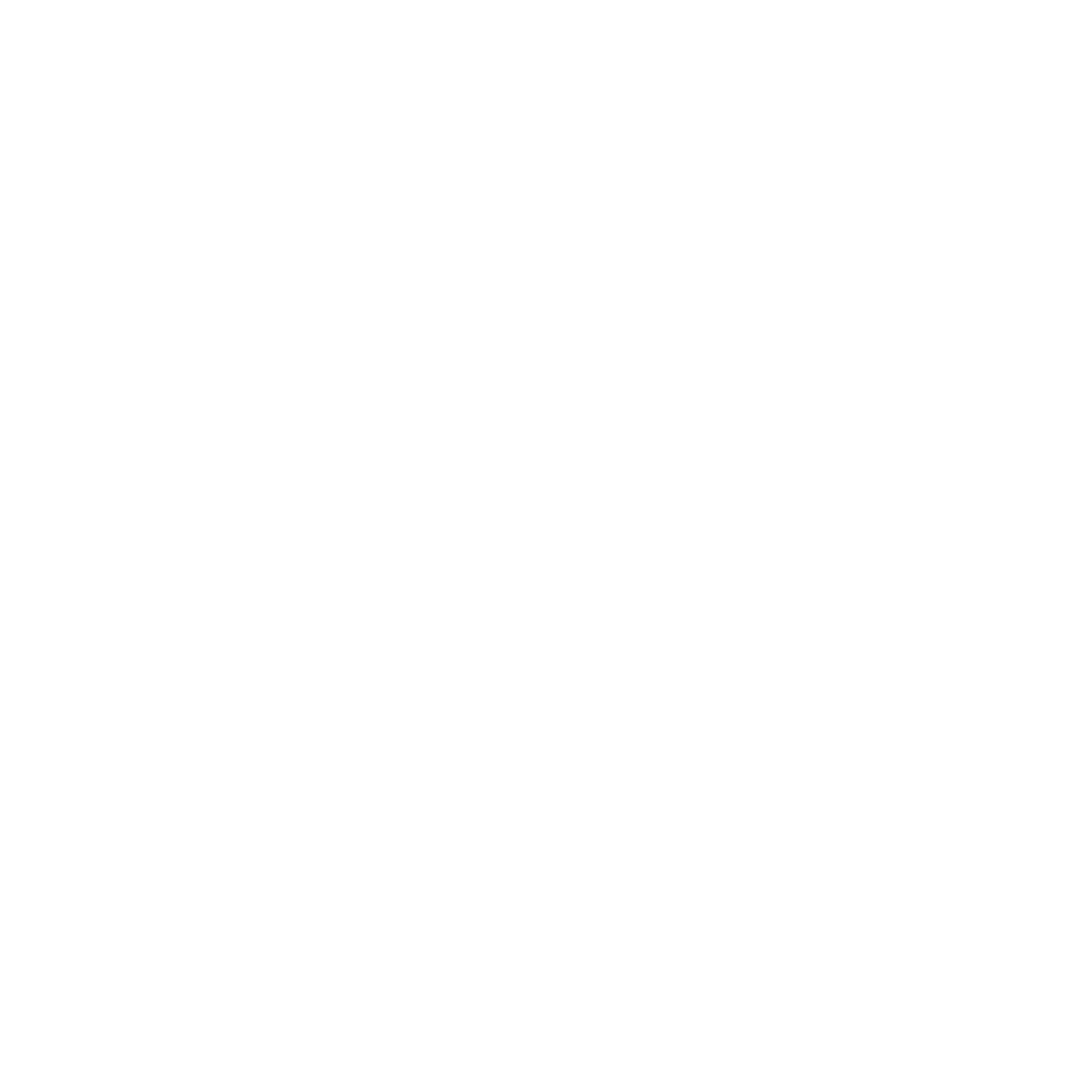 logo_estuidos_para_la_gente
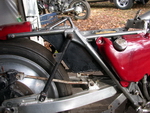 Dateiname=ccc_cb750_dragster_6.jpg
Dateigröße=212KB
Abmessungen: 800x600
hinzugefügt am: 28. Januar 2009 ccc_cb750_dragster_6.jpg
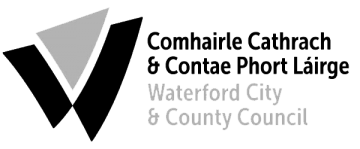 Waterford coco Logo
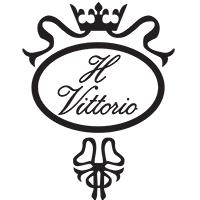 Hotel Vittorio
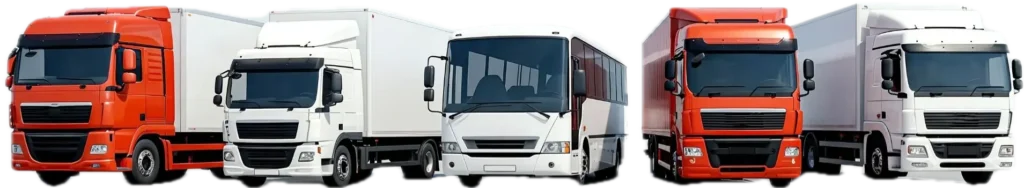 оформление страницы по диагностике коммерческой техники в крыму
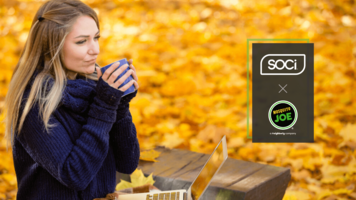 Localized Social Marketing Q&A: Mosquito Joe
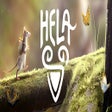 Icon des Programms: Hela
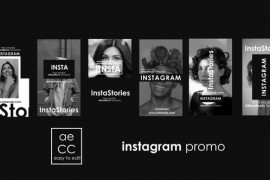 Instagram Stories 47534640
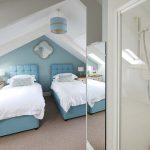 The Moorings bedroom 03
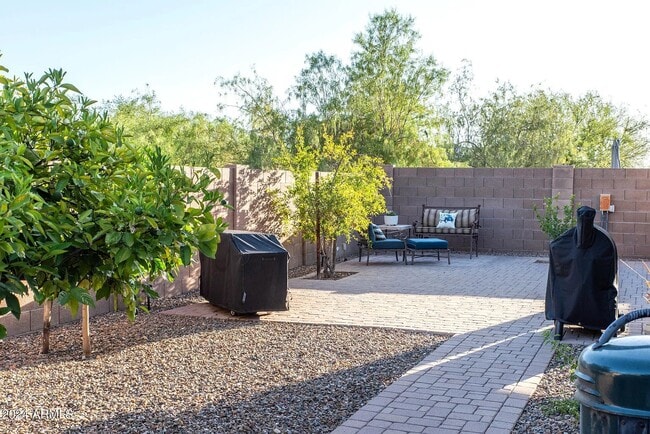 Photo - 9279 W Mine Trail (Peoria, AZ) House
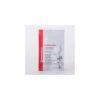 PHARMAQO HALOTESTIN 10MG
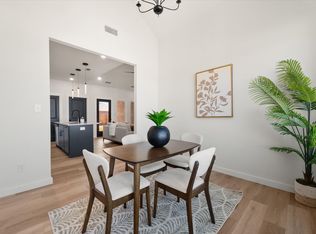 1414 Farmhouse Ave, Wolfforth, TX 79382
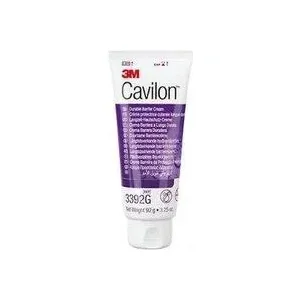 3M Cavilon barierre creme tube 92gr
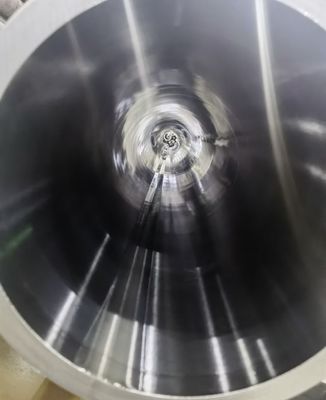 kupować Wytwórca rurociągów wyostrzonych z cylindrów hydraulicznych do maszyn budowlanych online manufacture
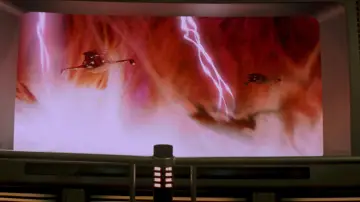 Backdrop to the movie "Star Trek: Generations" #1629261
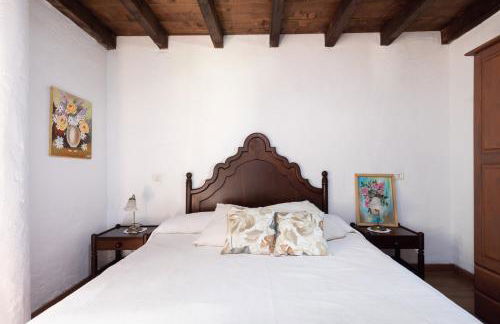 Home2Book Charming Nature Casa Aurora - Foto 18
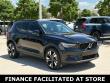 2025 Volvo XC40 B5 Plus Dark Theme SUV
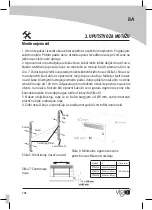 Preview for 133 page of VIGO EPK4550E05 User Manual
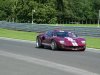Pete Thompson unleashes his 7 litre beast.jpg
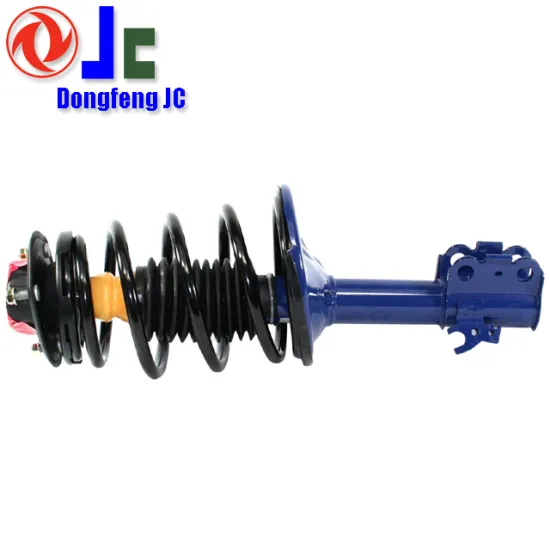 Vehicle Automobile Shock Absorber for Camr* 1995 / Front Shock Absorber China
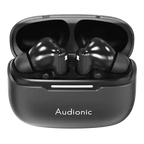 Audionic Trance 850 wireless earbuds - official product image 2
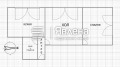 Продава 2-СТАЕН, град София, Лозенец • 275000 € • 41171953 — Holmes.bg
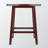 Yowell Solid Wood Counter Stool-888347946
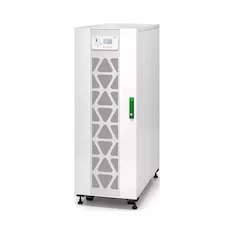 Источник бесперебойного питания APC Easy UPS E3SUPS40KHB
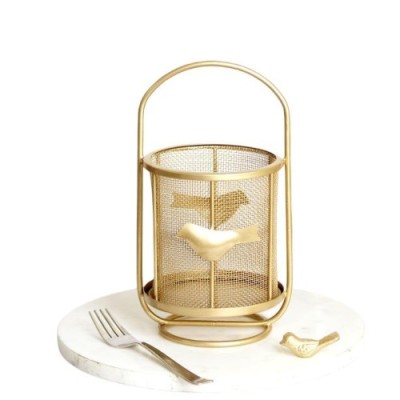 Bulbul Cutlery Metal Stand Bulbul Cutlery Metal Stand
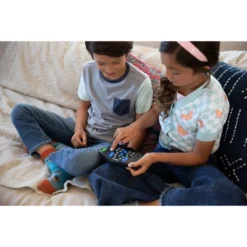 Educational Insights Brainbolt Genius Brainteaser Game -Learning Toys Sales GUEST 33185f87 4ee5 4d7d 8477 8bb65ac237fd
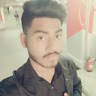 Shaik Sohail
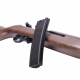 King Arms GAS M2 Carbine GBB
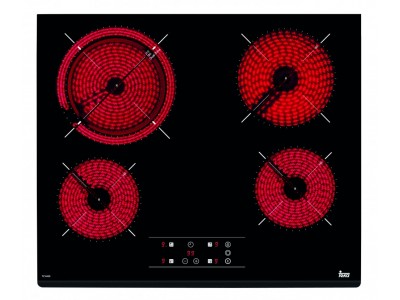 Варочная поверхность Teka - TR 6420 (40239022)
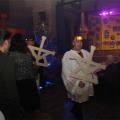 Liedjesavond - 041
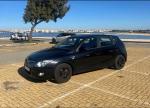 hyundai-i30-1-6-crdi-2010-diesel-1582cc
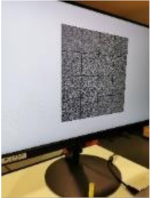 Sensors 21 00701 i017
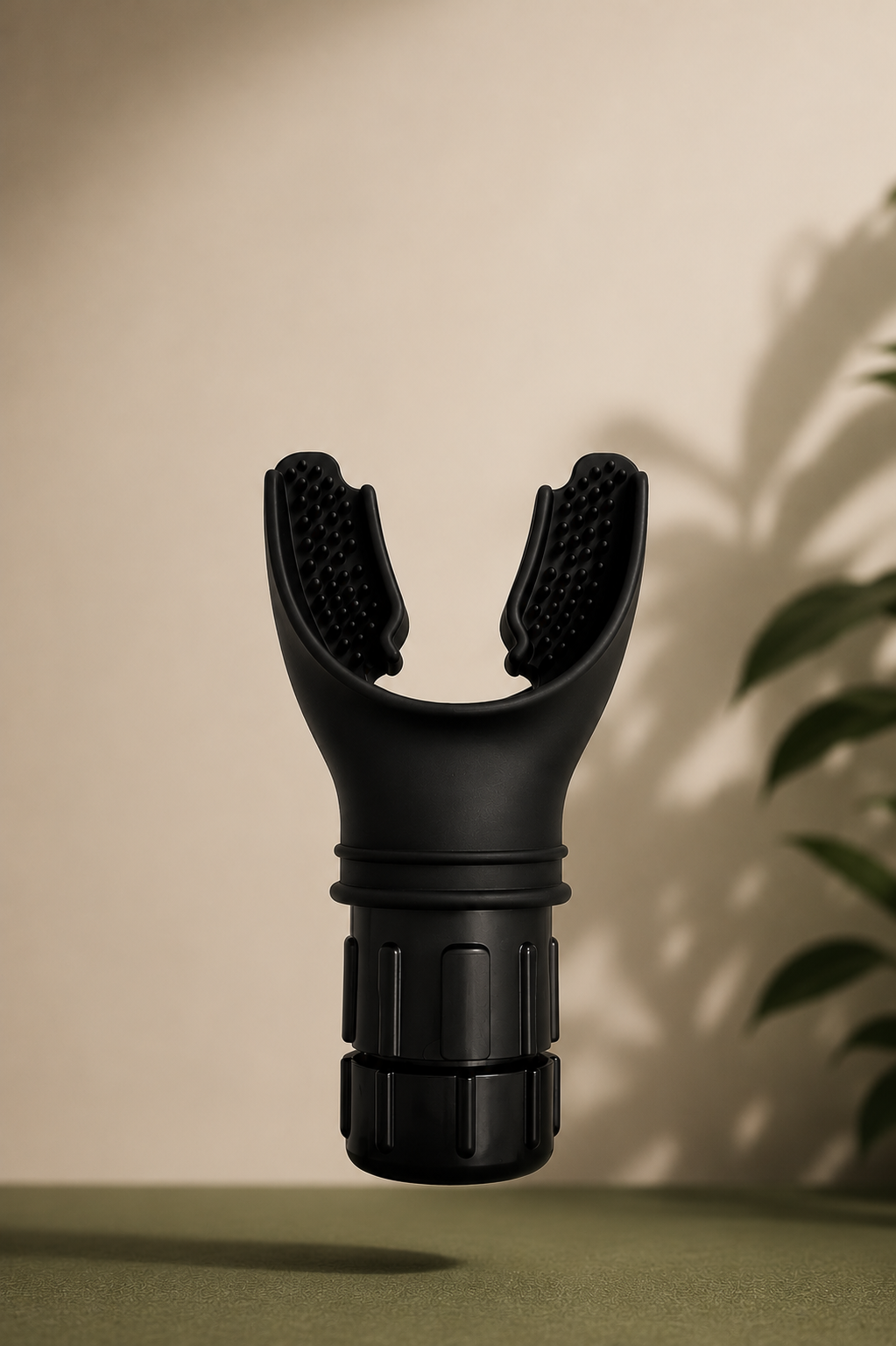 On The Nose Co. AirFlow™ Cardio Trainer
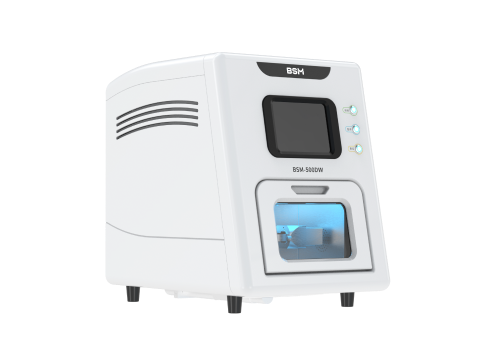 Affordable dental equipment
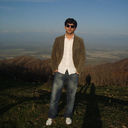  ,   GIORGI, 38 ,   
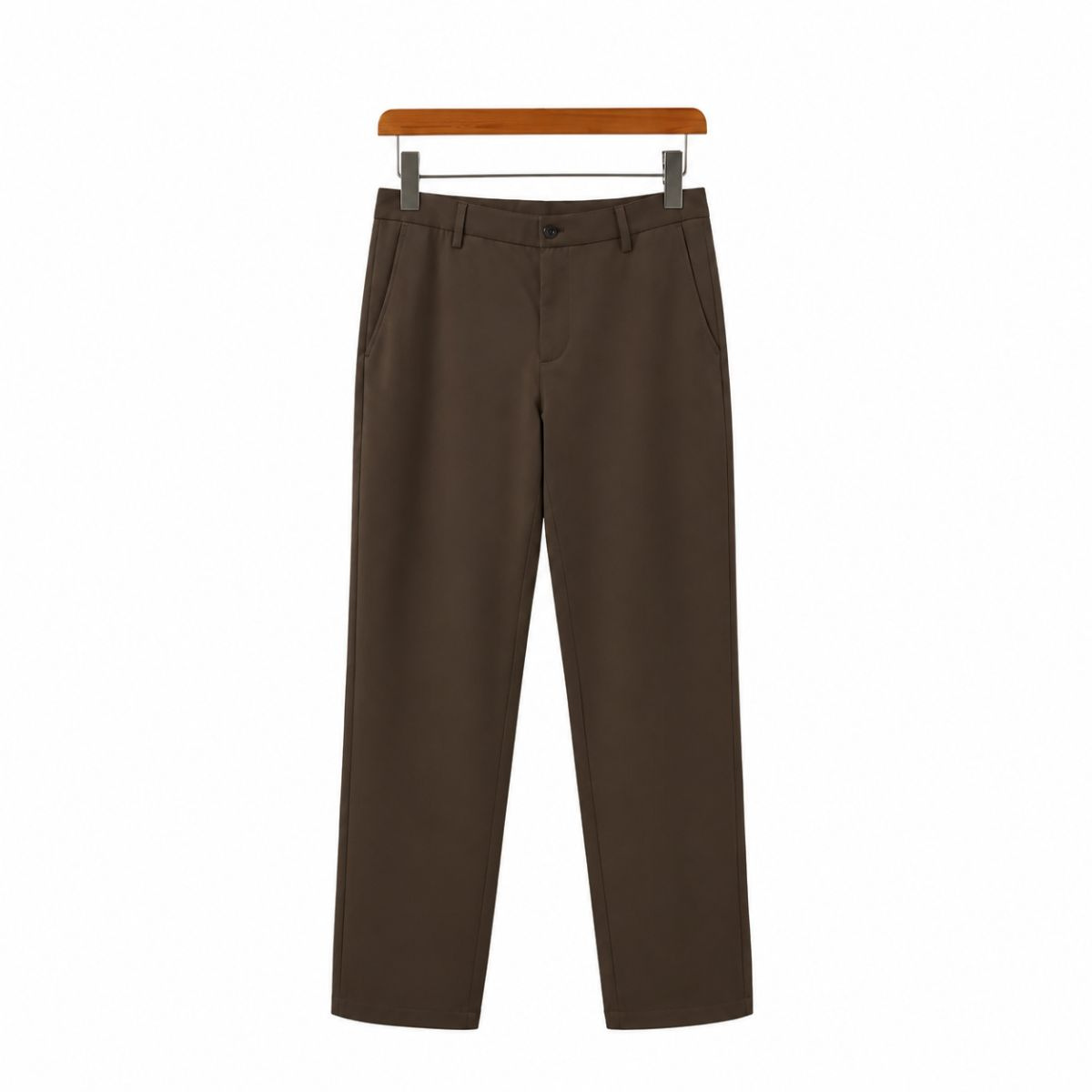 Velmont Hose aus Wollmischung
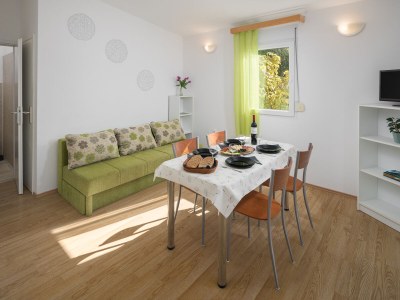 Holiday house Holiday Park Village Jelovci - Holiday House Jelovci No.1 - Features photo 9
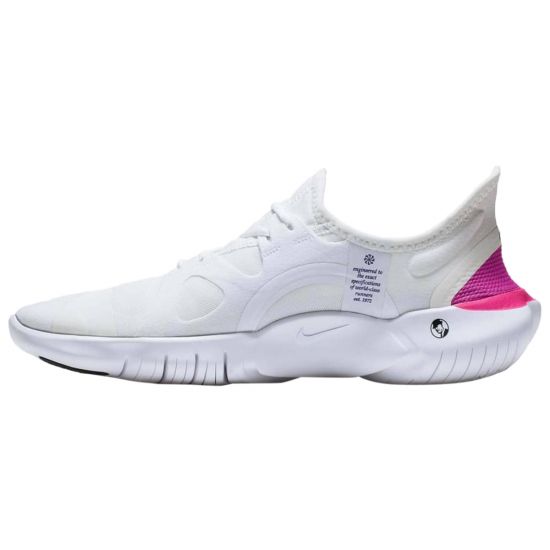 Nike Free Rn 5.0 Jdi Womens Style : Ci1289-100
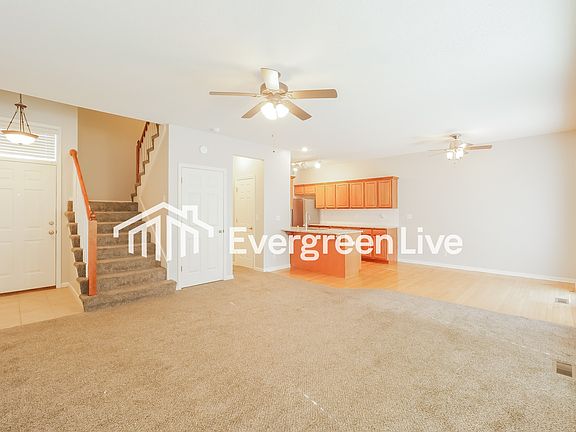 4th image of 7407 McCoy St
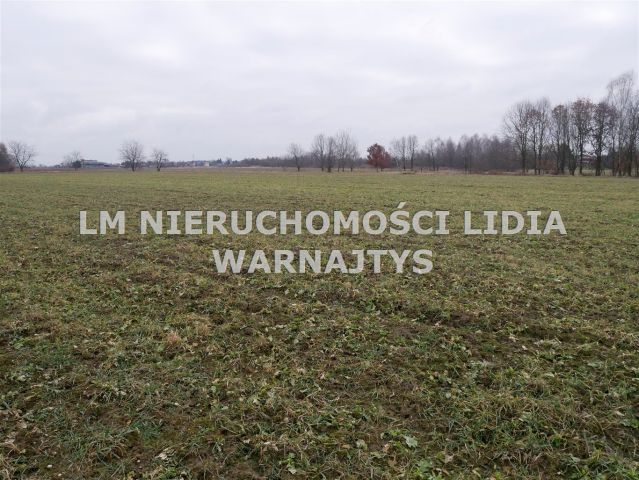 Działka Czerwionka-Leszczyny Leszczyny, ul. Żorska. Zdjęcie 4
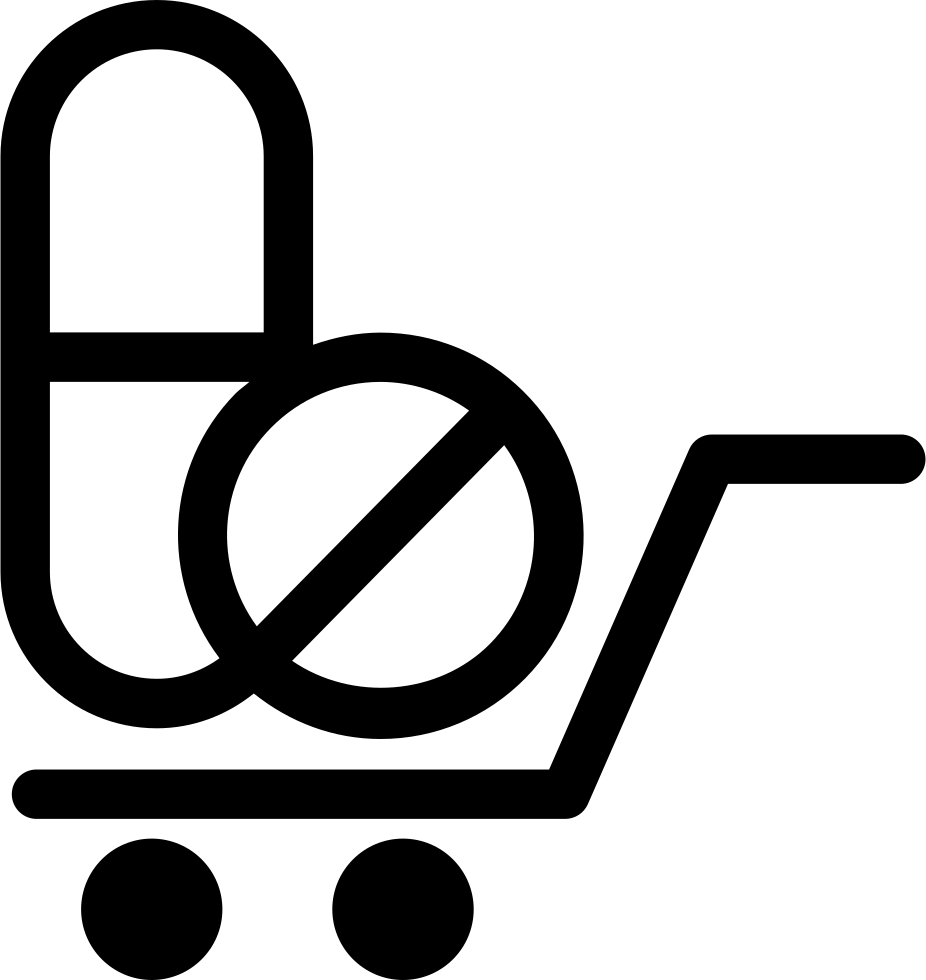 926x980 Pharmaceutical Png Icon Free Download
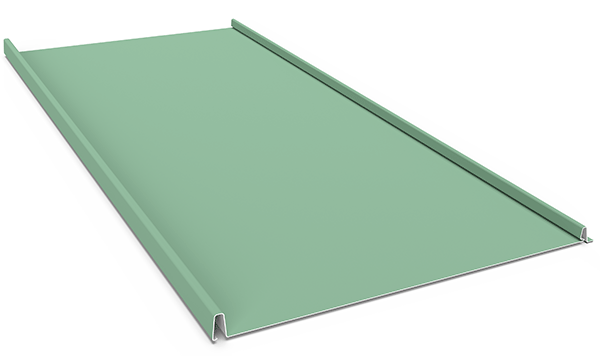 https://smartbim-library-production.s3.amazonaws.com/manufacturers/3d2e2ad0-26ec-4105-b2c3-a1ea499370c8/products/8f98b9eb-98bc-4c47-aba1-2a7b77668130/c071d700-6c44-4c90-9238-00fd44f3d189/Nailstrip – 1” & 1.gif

## TASK REQUIREMENTS
Output the data above exactly, beginning at its first line and ending with the line that holds "Продава 2-СТАЕН, град". Leave out the pictures and add nothing.

## TASK RESULT
 logo_estuidos_para_la_gente
 Dateiname=ccc_cb750_dragster_6.jpg
Dateigröße=212KB
Abmessungen: 800x600
hinzugefügt am: 28. Januar 2009 ccc_cb750_dragster_6.jpg
 Waterford coco Logo
 Hotel Vittorio
 оформление страницы по диагностике коммерческой техники в крыму
 Localized Social Marketing Q&A: Mosquito Joe
 Icon des Programms: Hela
 Instagram Stories 47534640
 The Moorings bedroom 03
 Photo - 9279 W Mine Trail (Peoria, AZ) House
 PHARMAQO HALOTESTIN 10MG
 1414 Farmhouse Ave, Wolfforth, TX 79382
 3M Cavilon barierre creme tube 92gr
 kupować Wytwórca rurociągów wyostrzonych z cylindrów hydraulicznych do maszyn budowlanych online manufacture
 Backdrop to the movie "Star Trek: Generations" #1629261
 Home2Book Charming Nature Casa Aurora - Foto 18
 2025 Volvo XC40 B5 Plus Dark Theme SUV
 Preview for 133 page of VIGO EPK4550E05 User Manual
Pete Thompson unleashes his 7 litre beast.jpg
 Vehicle Automobile Shock Absorber for Camr* 1995 / Front Shock Absorber China
 Audionic Trance 850 wireless earbuds - official product image 2
 Продава 2-СТАЕН, град София, Лозенец • 275000 € • 41171953 — Holmes.bg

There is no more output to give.